9 comments on “Editorial: The Mad Man Behind the Curtain”

  1. “If Molyneux had been in charge of that product, I have no doubt we would have seen a gameplay mechanic in which we must impregnate the right set of people at the right times to ensure the birth of George Washington.”

    He would say that, then the game would actually just include some banal fetch questing ending in a choice where you either let Washington’s mother live or push her off a cliff. MORALITY SYSTEM!

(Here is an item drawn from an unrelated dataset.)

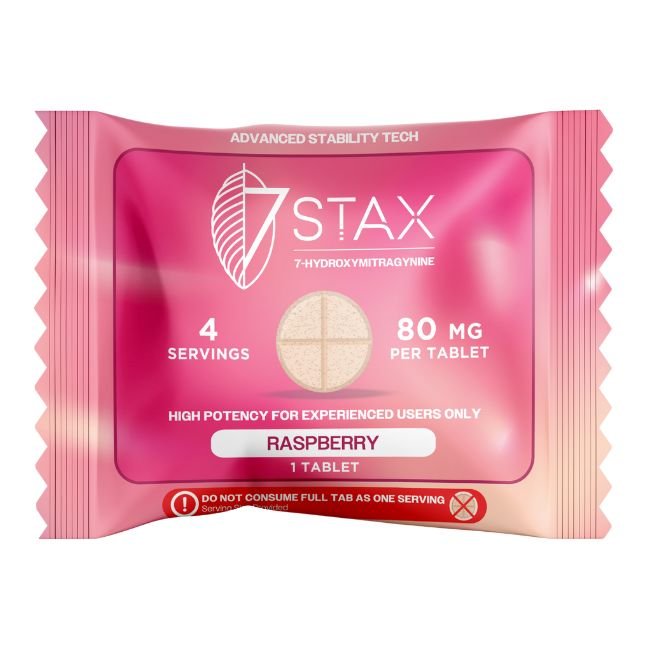 STAX7HYD80MG50222 STAX 7-HYDROXY PREMIUM KRATOM ALKALOIDS 80MG PER TABLET 1CT/50PK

    And I can’t say I really know of any developers like this to fit the question of the article. Maybe Suda51 and his bizzar-o Killer 7. I enjoyed that nonsense a lot. (There actually IS a plot to that game beyond random BS, it’s just presented in a ridiculous way AND includes some actual nonsense)

  2. Suda51, to me, is what Peter Molyneux could be if we squinted our eyes and he (PM) actually delivered on half of what he imagined. While I haven’t had the chance to play a Suda51 game, from everything I’ve heard and seen they are experiences to behold.

    That’s something I’d personally like to see a lot more of. While it’s seemingly easier to find creative footprints in the film and television mediums, Video Games often lack any clearly centered visions – at the very least by comparison. One could argue that it’s easy to tell you’re playing a Levine or Kojima game, though I wonder if that’s more a staple of the series than the intentions of the developers themselves. Suda51 is perhaps the only developer (that I can think of) who has jumped from IP to IP and brought his own unique brand of awesomeness.

  3. What might be more surprising is how molyneux keeps getting more chances to be a total letdown. Why do guys like this get all the opportunities?!?

  4. While I never held much interest in the later games, I did play Black and White and remembered it quite fondly.

    Say what you will about the man, he dreams big and even if those dreams hardly ever become a reality, he still doesn’t stop dreaming big. He’s like the Walt Disney that has yet to meet any large scale success, but never gives up on those crazy ideas of his.

    And I, for one, am grateful that such crazy people like himself, and Suda51, exist. We need more of the eccentric people with unusual ideas paired with the pragmatic people that can make those ideas work.

    It would certainly go further than the dudebro shooters calling having a dog companion ‘innovation’ when it’s already been done before, also by Peter, but still. I know it’s a stretch, but I just wanted to add a dig at the XBone and the dudebro shooters.

  5. To my mind Suda hit a creative high point with Killer 7 that he hasn’t really been able to come close to with No More Heroes.

    I want to like the NMH games, but they’re just a series of button-mashy melee levels which each lead into a boss fight. Rinse and repeat. *Blech*

  6. @SN: I guess you liked the combat in killer7 then? I felt that got pretty repetitive at times. But I’ve never played the no more heroes games. I’ve watched LPs though.

  7. I guess that the combat could be considered just as repetitive by some, but the inclusion of seven different characters added variety, and, more importantly, the levels were far less uniformly structured.

  8. Of course, the major difference may simply have been Shinji Mikami’s involvement…

  9. Yeah, switching between the different members was pretty cool. And Mikami definitely added a Resident Evil flavor to it, with the nature of the puzzles and key items. I really did like that game.